Exploring YouTube Drawing Tutorials with ARCore
Lately, there’s been a lot of cool examples of developers using augmented reality to help people tap into their creative side. Whether that’s using AR to make art on a sketchpad, AR-enabled coloring books, or using AR to make art in the 3D space around you, something really delightful happens when you merge sketchpad and screen.
It got me thinking about how AR could help me with one of my new artistic hobbies: learning hand lettering. Hand lettering is a nice way to relax, but it’s also surprisingly tricky. Making lovely transitions between words and letters involves a lot of subtle tweaks: holding the pen correctly, applying pressure effectively, and making the correct arc shapes on the letterforms.
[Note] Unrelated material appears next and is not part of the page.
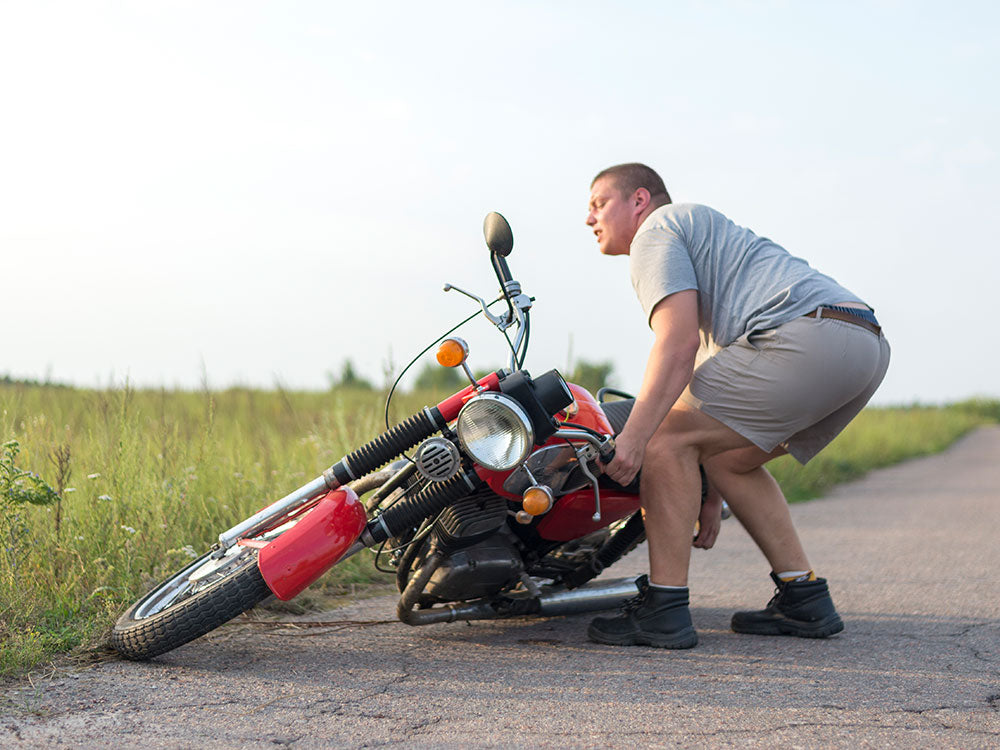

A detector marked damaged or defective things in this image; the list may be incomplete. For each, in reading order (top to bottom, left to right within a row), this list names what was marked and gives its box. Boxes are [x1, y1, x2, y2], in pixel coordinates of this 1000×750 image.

cracked asphalt road [1, 426, 1000, 748]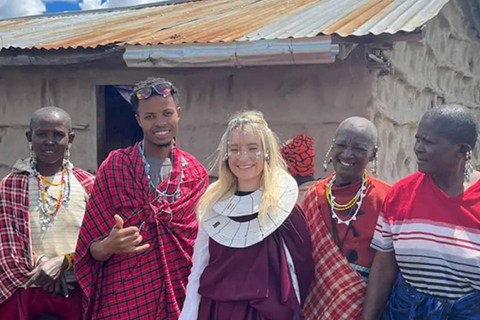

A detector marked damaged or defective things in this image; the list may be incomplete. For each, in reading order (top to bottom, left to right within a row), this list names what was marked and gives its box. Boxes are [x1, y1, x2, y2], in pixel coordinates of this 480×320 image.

rusty metal roof sheet [0, 0, 450, 50]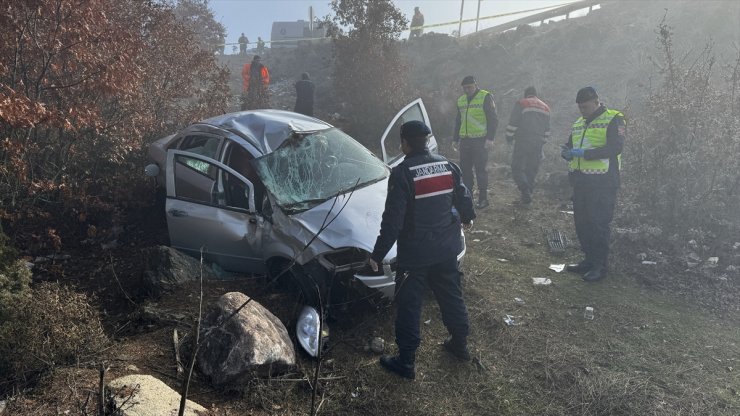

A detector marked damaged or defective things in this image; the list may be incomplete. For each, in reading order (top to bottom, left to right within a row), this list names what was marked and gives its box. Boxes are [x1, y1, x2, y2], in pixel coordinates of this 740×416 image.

Everything between your shoulder and the paper matters.
Without an IRL hand lettering teacher, my options were learning from worksheets or videos — but neither of them were exactly what I wanted. Printed worksheets help with the broad strokes (no pun intended) — but for me, their step-by-step nature, divorced from the artist’s hand, doesn’t provide all that extra, subtle information that I find so useful. (Further, not all of my favorite hand letterers even have the bandwidth to make worksheets.) And while video tutorials have all that juicy detail, they have their own problem: namely, that I have to keep looking back and forth between what I’m doing and what’s on the screen. As you might expect, that doesn’t usually end well.
After I lamented about several failed holiday cards at work, a few of us started talking about this back-and-forth glancing between the video and the notepad. We wondered: what if instead of having to choose between worksheets or videos, we could use AR and see those videos on the page in front of us? What would it be like to take some of these already-made YouTube tutorials around doodling, hand-lettering, and calligraphy, and draw along with them in AR? Could we crack open some cool learning experiences, without any extra effort on the video creator’s part? And what could we learn about AR video UX in the process? We decided to test it out and share the results.
To get insight from an expert, we invited the prolific doodler AmandaRachLee to come and help us find out. We were already fans of her, and we’re not alone: she has 1.3 million subscribers to her channel, which is all about breaking down the sometimes-tricky processes of calligraphy, drawing, and bullet-journaling into super-accessible pieces. Her friendly and helpful teaching style has cultivated a massive community of folks actively reproducing, practicing with, and remixing designs from her videos to make their own unique creations.
Read on to see how we made our prototype, what it felt like to use it, and some of the best practices and UI/UX affordances we found helpful along the way, which you might want to take for your own projects.
Making the prototype
There were a few technical considerations early on, before we even started thinking about UI/UX of YouTube in AR: placing the video on paper; retaining very high fidelity tracking; and getting YouTube videos in Unity.
Placing the video on paper
In order to set up our AR world, we set up a new Unity ARCore project. From there, we were able to jump off from the HelloAR example very easily. In the HelloAR example, there’s code to handle finding and visualizing planes, as well as handle raycasting to anchor virtual objects on those surfaces. All we had to do was replace the default prefab with our AR video “tracing paper” (we’ll get more in depth on that asset below).
However, while placing the video is easy, keeping it in place — especially for a use case as precise as drawing — brings in some complexity.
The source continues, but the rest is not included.